• Playoff ban for new opt-in FHSAA members sparks ire

    TAMPA — On April 14, Gov. Rick Scott signed into law an education bill that, in part, established changes to the present structure of the Florida High School Athletic Association, forcing the organization to allow schools to opt-in to membership on a per-sport basis.

    Now the FHSAA — which has been in charge of high school athletics in Florida since 1920 — is fighting back with what some are calling “retaliatory” policies, and state legislators are threatening to take action.

    Before the passage of House Bill 7029, schools were required to be full members of the FHSAA for all the sports in which they competed. The legislation, which goes into effect July 1, states that not only can private schools now join on a per-sport basis, but the FHSAA “may not discourage a private school from simultaneously maintaining membership in another athletic association.”

    Still, in the FHSAA’s application for private school membership for the 2016-17 school year, it provides a chart listing the benefits of “full membership” and “partial membership,” with the latter not including the option of participating in the state playoffs. Essentially, opt-in members will be treated like independent schools, which have to join a secondary athletic association in order to participate in postseason play.

    “That language has never changed going back to 1999,” said Kyle Niblett, FHSAA public relations specialist. “If they’re a partial member, none of their sports can compete in the state playoffs.”

    As far as Rep. Ross Spano is concerned, that policy is in direct violation of the new law.

    “There’s not even the slightest hint of a question in my mind about what their intent is,” said Spano, one of the backers of the law. “From the very beginning, it was clear that their major concern over this bill was the impact it would have on their ability to control and monopolize high school athletes.”

    The Sunshine State Athletic Conference was originally formed in 2008 to provide independent schools — mostly charter and private schools that elected not to be in an FHSAA district because of their small size — the opportunity to compete in a football postseason, and it has since grown to include other sports.

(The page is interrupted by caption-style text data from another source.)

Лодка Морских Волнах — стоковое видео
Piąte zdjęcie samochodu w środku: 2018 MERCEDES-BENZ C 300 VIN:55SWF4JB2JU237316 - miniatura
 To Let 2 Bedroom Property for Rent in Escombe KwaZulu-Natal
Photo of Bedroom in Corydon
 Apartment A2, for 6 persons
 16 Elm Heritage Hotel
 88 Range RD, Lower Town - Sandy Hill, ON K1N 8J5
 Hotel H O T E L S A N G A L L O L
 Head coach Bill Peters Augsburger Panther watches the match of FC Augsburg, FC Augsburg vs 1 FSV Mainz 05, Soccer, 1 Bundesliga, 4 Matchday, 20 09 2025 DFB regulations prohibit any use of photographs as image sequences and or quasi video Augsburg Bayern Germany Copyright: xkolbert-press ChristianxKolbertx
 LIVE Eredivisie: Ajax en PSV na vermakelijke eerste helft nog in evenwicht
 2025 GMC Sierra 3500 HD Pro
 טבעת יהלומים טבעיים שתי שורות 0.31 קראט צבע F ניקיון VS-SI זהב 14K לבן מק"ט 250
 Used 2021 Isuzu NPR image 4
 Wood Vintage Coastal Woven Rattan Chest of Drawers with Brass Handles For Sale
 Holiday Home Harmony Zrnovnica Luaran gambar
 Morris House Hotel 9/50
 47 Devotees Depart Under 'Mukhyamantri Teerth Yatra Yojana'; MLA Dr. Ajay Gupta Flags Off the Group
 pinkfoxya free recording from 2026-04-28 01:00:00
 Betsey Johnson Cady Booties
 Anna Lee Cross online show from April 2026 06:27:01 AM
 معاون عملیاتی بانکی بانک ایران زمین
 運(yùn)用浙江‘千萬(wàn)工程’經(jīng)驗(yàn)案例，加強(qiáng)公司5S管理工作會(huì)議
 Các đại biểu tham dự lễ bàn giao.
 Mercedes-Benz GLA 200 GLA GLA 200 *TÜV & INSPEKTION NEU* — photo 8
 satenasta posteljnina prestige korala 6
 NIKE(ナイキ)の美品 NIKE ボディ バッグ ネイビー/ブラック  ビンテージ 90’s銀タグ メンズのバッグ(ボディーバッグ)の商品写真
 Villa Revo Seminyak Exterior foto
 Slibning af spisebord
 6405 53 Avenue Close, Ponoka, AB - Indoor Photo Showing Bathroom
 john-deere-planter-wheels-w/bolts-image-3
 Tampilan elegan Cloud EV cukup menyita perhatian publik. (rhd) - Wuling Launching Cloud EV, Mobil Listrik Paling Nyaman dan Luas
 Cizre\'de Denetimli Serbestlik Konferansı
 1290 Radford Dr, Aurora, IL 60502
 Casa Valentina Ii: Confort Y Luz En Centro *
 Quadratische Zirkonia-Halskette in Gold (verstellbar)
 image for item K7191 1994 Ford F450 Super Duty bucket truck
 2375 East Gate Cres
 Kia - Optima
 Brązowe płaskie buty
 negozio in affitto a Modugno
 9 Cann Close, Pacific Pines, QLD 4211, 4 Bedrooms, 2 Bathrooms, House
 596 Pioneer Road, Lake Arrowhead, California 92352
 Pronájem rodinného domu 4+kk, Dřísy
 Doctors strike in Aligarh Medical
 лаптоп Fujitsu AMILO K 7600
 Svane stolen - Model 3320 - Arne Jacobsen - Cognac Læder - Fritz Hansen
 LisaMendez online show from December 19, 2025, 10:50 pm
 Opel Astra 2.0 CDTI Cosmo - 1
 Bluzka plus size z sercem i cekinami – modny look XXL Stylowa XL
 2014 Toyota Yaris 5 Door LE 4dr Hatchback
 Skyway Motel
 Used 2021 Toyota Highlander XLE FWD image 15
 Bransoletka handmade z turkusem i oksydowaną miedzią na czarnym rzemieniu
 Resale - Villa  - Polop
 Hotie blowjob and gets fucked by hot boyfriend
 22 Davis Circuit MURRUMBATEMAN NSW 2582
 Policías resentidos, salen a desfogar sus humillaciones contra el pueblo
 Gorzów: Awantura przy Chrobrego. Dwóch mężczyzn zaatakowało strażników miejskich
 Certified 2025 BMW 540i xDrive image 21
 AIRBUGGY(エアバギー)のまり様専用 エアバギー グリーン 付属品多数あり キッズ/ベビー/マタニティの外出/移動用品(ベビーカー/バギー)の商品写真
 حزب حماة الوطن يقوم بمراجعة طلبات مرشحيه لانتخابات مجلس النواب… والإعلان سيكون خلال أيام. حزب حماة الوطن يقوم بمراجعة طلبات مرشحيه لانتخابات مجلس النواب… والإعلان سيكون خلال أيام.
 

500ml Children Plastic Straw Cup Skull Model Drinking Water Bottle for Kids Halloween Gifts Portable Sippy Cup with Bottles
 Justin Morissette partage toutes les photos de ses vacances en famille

    Tampa Bay schools Zephyrhills Christian (girls and boys basketball, football), Bishop McLaughlin (football) and Keswick Christian (football) are members of the organization. And while they are allowed to compete in the SSAC playoffs, the FHSAA grants them no additional games past the 10-game regular season.

    SSAC president Stuart Weiss said he has been to Tallahassee and involved in monitoring potential legislation that would benefit the kind of small private and charter schools his organization represents. They were encouraged by the passage of the legislation, he added, but quickly disappointed by the FHSAA’s interpretation.

    “We just feel that’s unfair. We’ve tried to work within FHSAA. This is not our desire. This is not the way we wanted it to go. But we had to do this to seek fairness for our members,” he said. “Everybody who participates in sports just wants a chance to compete and win something.”

    Spano, a Republican who has represented District 59 (Hillsborough County) since he was elected in 2012, said he initially got involved in supporting the bill at the request of a contact who works closely with the SSAC.

    “When he asked me to run the bill, I said, ‘This sounds like something I can really be passionate about,’ ” Spano said. “I don’t have a problem getting behind an issue where you have the little guys, the little schools, trying to participate in an environment that’s fun and safe.”

    But based on the FHSAA’s response, he said, the concept of fairness has once again been muddled.

    The legislature has been in talks with the FHSAA lately about changing their stance, and Spano said he’s an optimist, hoping for cooperation with the nearly century-old governing body. If that doesn’t happen, though, he said litigation or disbanding the organization could be a consideration.

    “The question is, can we or should we be expected to continue to try over and over and over again to work with an organization that clearly does not respect the authority of the legislature? My answer to that is no,” Spano said. “If they’re not going to work with us in good faith … then we need to go in a different direction.”